By now Julia and I were starting to weaken, so Nick decided it would be a good idea to learn a new game and chose Reiner Knizia's Blue Moon City. I must confess I was a little prejudiced as I had looked at the card game and taken an instant dislike to it. The game itself was card driven and whilst it was enjoyable, I found the mechanism of playing multiple cards to change the use of other cards ultimately annoying. I have never been a fan of the "Ill play this to do this, but when I combine it with this, I get that which means I can ......" type mechanics. Other than that the game was straight forward. The board is a grid of around 36 square cards, each one shows a number of markers (between 1 and 3) which can be purchased by playing cards that correlate to the colour and number thereon. Once the markers on each card have been filled the card pays out a winning reward to the biggest influence and supplementary rewards to the other influences. Once a card has paid out it is flipped and shows an additional reward which is payable to any winners on the cards orthogonally adjacent. Thus as cards are flipped, surrounding cards become more valuable. Rewards came in three formats, Gems (the basic currency of the game), Cards (the basic mechanic of the games) Dragon Scales (which would then convert to Gems) The centre of the game was the scoring zone so to speak, if you visited this square you could make contributions to the Gods? By paying a number of gems (7,8,9,10,11 or 12) you could buy markers on a pillar - first to have four markers won the game. Nick won with 4 to Michael and My 3 and Julia's 2. It was by general consensus a worthwhile addition to the Knizia library, I was a little unimpressed but then as I said, I get really annoyed by games with that type of card play.

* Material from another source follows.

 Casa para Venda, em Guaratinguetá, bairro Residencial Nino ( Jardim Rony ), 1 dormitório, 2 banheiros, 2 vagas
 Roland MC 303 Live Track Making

It was now approaching 10pm and we decided to try one more, having watched the Fraggor guys play Eketorp earlier I was eager to try it and we willingly settled down for a random and chaotic game of Viking based violence. It was fun for around 15 minutes and then became frustrating and ultimately a little pointless, it wasn't helped by the rules translation and the fact that we were all knackered, It was funny to watch Michael insist upon a full rules explanation, despite Nick and I both suggesting we deal with the rules for each situation when they hit, only for his eyes to completely glaze over when I began explaining. This from the guy who at the end of Blue Moon City had claimed he was unaware of the victory conditions despite me, at the point of Nick explaining them, producing a loud Klaxon noise and shouting "AAAOOOGGAH! Nick is explaining the victory conditions, This is a victory condition announcement AAAOOOGGAH!"
Somewhere in all of this we lost Gregor and Callum, who had turned up mid way through our Agricola, when we did see them they seemed to being having fun!
Highlight of the day for me remains the moment, when having witnessed a table of thirty something gamers, struggle with the rules to Chinatown, I offered to explain them only then to held to task by one gamer as to the point of a specific mechanic and found myself faced with demands that I explain the purpose of this rule. He was most displeased when I pointed out that he was arguing about the difference between 3 x 2 and 2 x 3 - which essentially were in my mind - THE SAME BLOODY THING!
Ah well, if thats what 12 hours in Glasgow is like, God help me after 72 hours in Essen.